I’ve been taken to the ER a couple of times for breathing problems. One of the first things they do is give a breathing treatment, which will calm down most attacks and prevent attacks in the near future. I didn’t need a new prescription for an inhaler, but as I remember, getting the prescription filled probably could have waited until morning.
I’ve had a few people knocking on my door, claiming that they need X amount of cash for whatever reason. I always say that I don’t keep cash in the house. Then I point out that there’s one church two houses away, and another church two blocks away, where the person can find several programs.
Yeah, this guy was probably just trying to get some money out of you, and playing the sick kid card.
His son is having an emergency? He was just taken away in an ambulance? His life is potentially on the line?
And when you tell him that you don’t have any cash in the house, he just accepts it, says “OK,” and walks back down the road?

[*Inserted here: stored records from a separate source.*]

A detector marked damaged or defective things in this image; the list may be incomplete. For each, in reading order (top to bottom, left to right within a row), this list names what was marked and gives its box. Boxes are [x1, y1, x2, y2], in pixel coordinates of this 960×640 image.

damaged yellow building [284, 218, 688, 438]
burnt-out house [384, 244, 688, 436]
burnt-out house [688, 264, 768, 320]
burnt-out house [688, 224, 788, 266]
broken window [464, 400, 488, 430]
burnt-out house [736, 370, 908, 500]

If the situation were truly dire, he would not be deterred by your refusal. He was clearly trying to run a scam on you, and you did the right thing by not falling for it. Hopefully nobody else in your neighborhood did either. You tolerate a little of this shit, and soon it becomes more prevalent, and before you know it, it’s inescapable. When bullshit artists and hustlers and crooks know that one area isn’t going to fall for their shit, they’ll move on, and that’s exactly what you want.

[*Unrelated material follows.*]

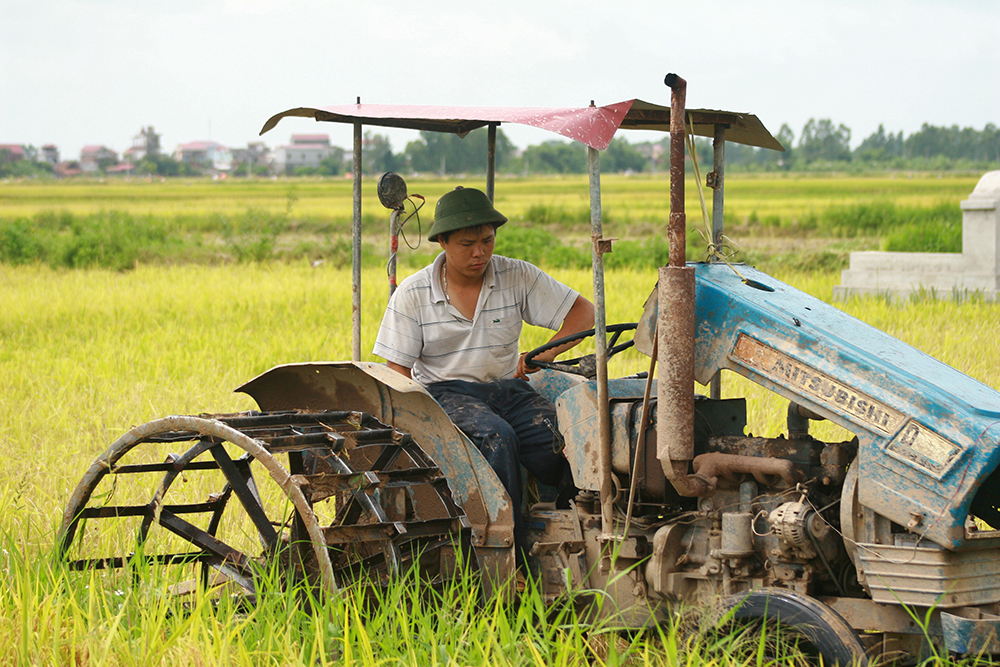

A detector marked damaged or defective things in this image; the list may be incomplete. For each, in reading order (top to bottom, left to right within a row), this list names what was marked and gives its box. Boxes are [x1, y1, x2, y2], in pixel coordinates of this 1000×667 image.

rusty cage wheel [58, 410, 476, 604]
rusted metal bar [588, 144, 612, 536]
rusted metal bar [656, 75, 712, 498]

If his child had been taken by ambulance, why wasn’t he with the child a the hospital where any medications would have been provided or if he didn’t have money for a subscription, he could have asked there. And the college kids saw it all. That’s great. Cause it’s real likely that you’re going to leave your house at 10:30pm to walk over and ask them.
Absolutely a scam. One of my kids had to go to the ER for asthma a couple of times when he was younger. Each time, for some reason, we were unable to get to a pharmacy right away. Sometimes because it happened on a weekend night and no pharmacies in our town would be open till 9:00 AM Monday. The hospital provided us with an inhaler to take home. I call BS on his story.
Add to that that if his kid is a minor (and let’s face it, most kids are) his presence is required in the ER to consent for any and all procedures/test/meds etc. In my same day surgery, parents are not allowed to leave, period.
I have never heard of a hospital refusing to dispense an inhaler, no matter your ability to pay.
I’ve had similar situations involving epilepsy medication, back child support that a man was only $20 short for but without would go to jail/lose his job/turn into a fish/etc., God knows how many specific car parts, and yes- an inhaler.
Anybody else see the My Name is Earl episode where Joy double scams a scammer with “And there was so many details it must be true!” Addicts learn how to tell a really convincing sob story complete with brand names and all else. This isn’t just “Homeless people want to be that way!” talk but from experience; I’ve worked with them in group homes and heard them laugh about some of the tales they told convincingly.
No way to be sure of course but I’m 99.9% leaning towards “he was trying to scam you”.
Door knock at about 2am. Rather disheveled woman asking to come in to use the phone. Claims to be a nurse doing a home visit. Refuses phone when I tried to give her the cordless handset through the window.
Similar to Sampiro’s, I’ve been approached in parking lots with stories of having driven from a town about 30 miles away to visit mom and having no money for gas back. Always turn down the offer to gas up their car on the credit card.
Let me get this right - people are knocking on random doors at unsociable hours, hoping that the occupant will hand over a few spare dollars? I know crackheads aren’t the sharpest tools in the box, but this seems like a particularly unprofitable and dumb line of scamming!
And the crackheads I have come across are far more cunning than that, so you should count yourself lucky.